I am currently reading the book Introduction to Reinforcement Learning by R. S. Sutton and A. G. Barto. The authors often reason with the LLN. In particular, at one point there is an expression like this (beginning of Section 2.2 - Action-value Methods) $$ \frac{\sum_{i = 1}^{t-1}R_i \mathbb{1}_{\{A_i = a\}}}{\sum_{i=1}^{t-1} \mathbb{1}_{\{A_i = a\}}}, $$ where $R_i$ are the rewards and $A_i$ are the actions taken at time $i$. If I understand correctly, they claim that by the LLN, this expression converges to the mean of $R_i$ as long as Action $a$ is chosen infinitely often. Intuitively this of course makes sense, but I am not convinced. I am familiar with the LLN like this: Take $X_1,X_2,\dots$ iid, where $\mathbb{E}[|X_1|]$ exists. Then $$ \lim_{n \to \infty} \frac1n \sum_{i=1}^{n} X_i = \mathbb{E}[X_1] \hspace{20pt} $$ almost surely. I tried to recreate the situation from the book like this: We have two sequences $X_1,X_2,\dots$ iid and $C_1,C_2,\dots$ iid (if necessary, let the two sequences be independent), where $\mathbb{E}[|X_1|]$ and $\mathbb{E}[|C_1|]$ exist. Let $\mathbb{P}[C_i = \pm 1] = 1/2$. Then intuitively the expression $$ \frac{\sum_{i = 1}^{n}X_i \mathbb{1}_{\{C_i = 1\}}}{\sum_{i=1}^{n} \mathbb{1}_{\{C_i = 1\}}} $$ should indeed converge almost surely to $\mathbb{E}[X_1]$, since the probability of $\{C_i = 1\}$ only finitly many times is zero (i.e. you observe $X_i$ infinitely often almost surely).

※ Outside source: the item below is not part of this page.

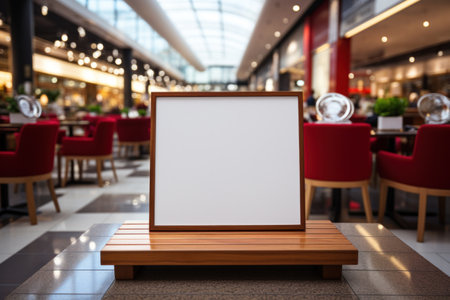 Empty board for product advertisement at department store.の素材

If this is correct, how can you argue this rigorously?
For general case, you can try Toeplitz lemma:
Under your recreated situation, say $X_{i}$ and $C_{i}$ are independent, the proof becomes much easier. By LLN, with probability 1, you have $$\frac{1}{n}\sum_{i=1}^{n}X_{i}1_{\{C_{i}=c\}}\to\mathbb{E}[X_{i}1_{\{C_{i}=c\}}]=\mathbb{E}[X_{i}]\mathbb{E}[1_{\{C_{i}=c\}}],$$ in the meantime, with probability 1, $$\frac{1}{n}\sum_{i=1}^{n}1_{\{C_{i}=c\}}\to\mathbb{E}[1_{\{C_{i}=c\}}].$$ Since $\mathbb{E}[1_{\{C_{i}=c\}}]=\mathbb{P}(C_{i}=c)$ must be nonzero by Borel–Cantelli lemma, a simple divide yields desired result.